La pandemia, peraltro ancora in atto, ha cambiato radicalmente il modo di vivere nei centri urbani. Una trasformazione cui ha contribuito in maniera rilevante anche lo smart working. Questa nuova modalità di lavoro può rappresentare l’occasione per ridisegnare la mobilità all’interno delle nostre città, riorganizzando i flussi di traffico ed evitando la congestione negli orari di punta. È necessario trovare un equilibrio sui tempi delle città, ovvero ripensare gli spazi urbani in base a una nuova gestione del tempo. Cambiare pelle con una serie di azioni atte a migliorare la qualità urbana e della vita dei cittadini. Intervenendo sugli orari per un miglior uso spaziale e temporale delle nostre città. Anci ha sostenuto anche il potenziamento delle dorsali di ferro, un ‘azione di concerto con Rfi per potenziare i collegamenti su rotaia non solo tra le grandi città ma anche tra le piccole realtà.
La sostenibilità passa anche per la valorizzazione dei territori: ci può raccontare un esempio virtuoso?
Ritengo che per avere una mobilità realmente sostenibile, in linea con gli obietivi prefissati dal Governo, sia necessario un circolo virtuoso tra pubblico e privato, solo così questo nuovo modello potrà essere realmente attrativo per tutti gli utenti.
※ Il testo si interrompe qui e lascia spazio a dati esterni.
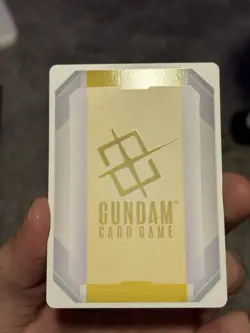 Gundam Card Game EX Resource Token EXRP-004 Bandai Card Game English Single Card - Image 5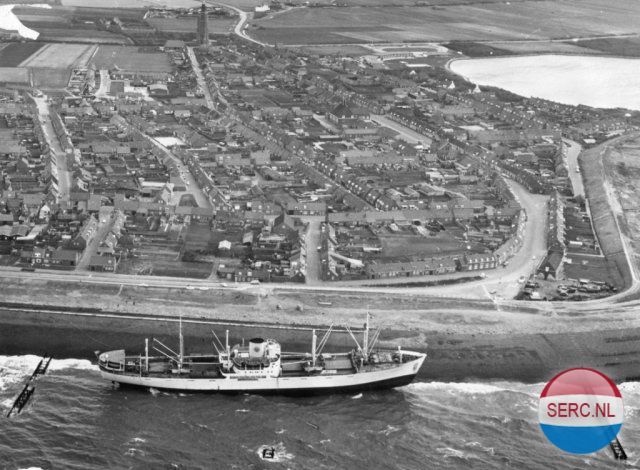 Luchtfoto's — Westkapelle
L’alleanza tra gli attori è fondamentale per raggiungere gli obiettivi fissati al 2030 in tema di neutralità climatica. Parlo dell’esperienza di Parma che ambisce a diventare una delle prime 100 città europee a conseguire questo traguardo. Attraverso la candidatura al bando europeo contiamo di accelerare ulteriormente sul tema della sostenibilità e della transizione ecologica, raccogliendo le istanze che ci sono pervenute da più parti e che hanno già portato all’attivazione di diverse progettualità e tavoli di lavoro congiunti con gli stakeholders locali, tra cui ricordiamo l’Alleanza Territoriale per la Carbon Neutrality siglata con attori pubblici e privati nel dicembre scorso. Nella governance del cambiamento, nessuno è escluso, anzi ci deve essere un coinvolgimento diretto dei cittadini, del settore della ricerca e del mondo produttivo.
Come immagina la mobilità nelle città italiane nei prossimi decenni?
Auspico una mobilità che metta al centro le persone. Quindi un movimento di cittadini e non di veicoli che si spostino in modo sicuro con un basso impatto sull’ambiente circostante. Naturalmente questa mobilità sostenibile, che si avvale anche di mezzi “dolci” deve necessariamente passare da una transizione energetica con mezzi che abbandonano le tradizionali motorizzazione endotermiche per accogliere carburanti ecosostenibili. E su questo fondamentale è investire sulle comunità energetiche utili. Un modello innovativo per la produzione, la distribuzione e il consumo di energia proveniente da fonti rinnovabili, basato sulla lotta allo spreco energetico all’efficientamento delle nostre città.